OSDev.org

Posted: **Thu Apr 26, 2012 4:21 am**

I was thinking of something today... some of the things that bothers me with different programming languages is that they are either

1. High-level and easy to use but limited in flexibility
2. Low-level and complex but very flexible
3. Somewhere in-between 1 and 2

If we take C as an example I would fit that into category 3. C is so good because it has a great trade-off between being low-level enough to do complex things and high-level enough to be easy to use. ASM would be more of a pure category 2. You can argue if I'm correct on these assumptions but that is not the point, let's just agree C is more higher-level than ASM.

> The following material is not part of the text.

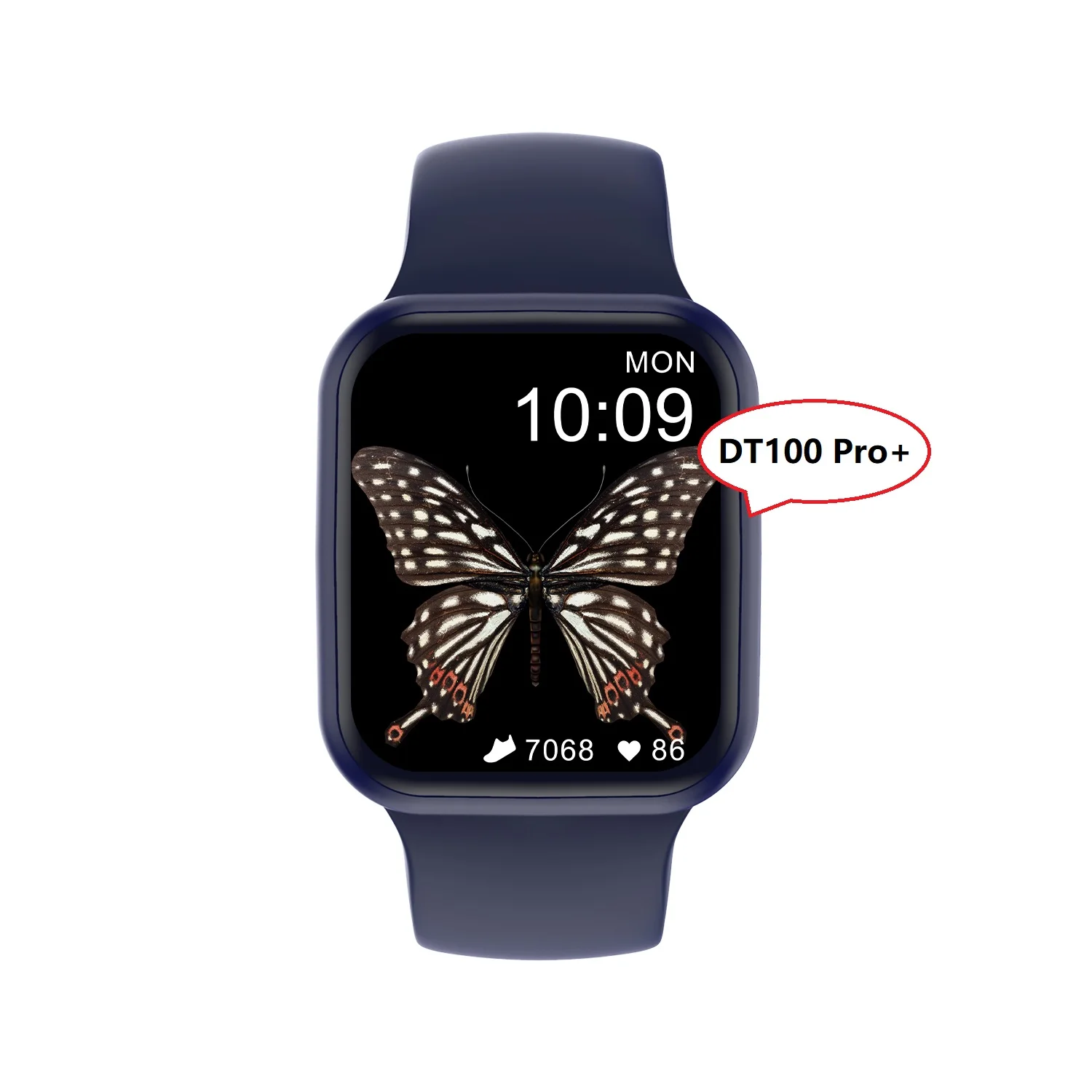 Smart Watch DT100 Pro+ BT Call IP68 Waterproof ECG Heart Rate Monitor Customize Watch Face Call DT100pro Plus Smart Watches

A compiler for C like GCC typically compiles C into ASM which in turn is compiled into machine instructions. One of the issues I found is that there is no easy way for me to take the resulting ASM and make some changes to it before passing it on to the assembler.

I find this strange... one of the benefits of having intermediate steps would actually be to be able to hand-optimize certain things before passing it on to whatever comes next. I don't think it would be very difficult to automate either.

As a real world example lets say I have a function written in C that we call A. I could have a seperate file called A.patch that contains the changes I want to apply to A after it has been compiled into ASM and when compiling I would just supply this file to the compiler and it would pick it up and apply it on A every time. Note that the patch is not the typical patch but more language specific. Instead of applying itself on specific lines it would apply itself on a specific function (or label). This means that you can change the C code as much as you like as long as you don't change A in which turn you might need to modify the patch.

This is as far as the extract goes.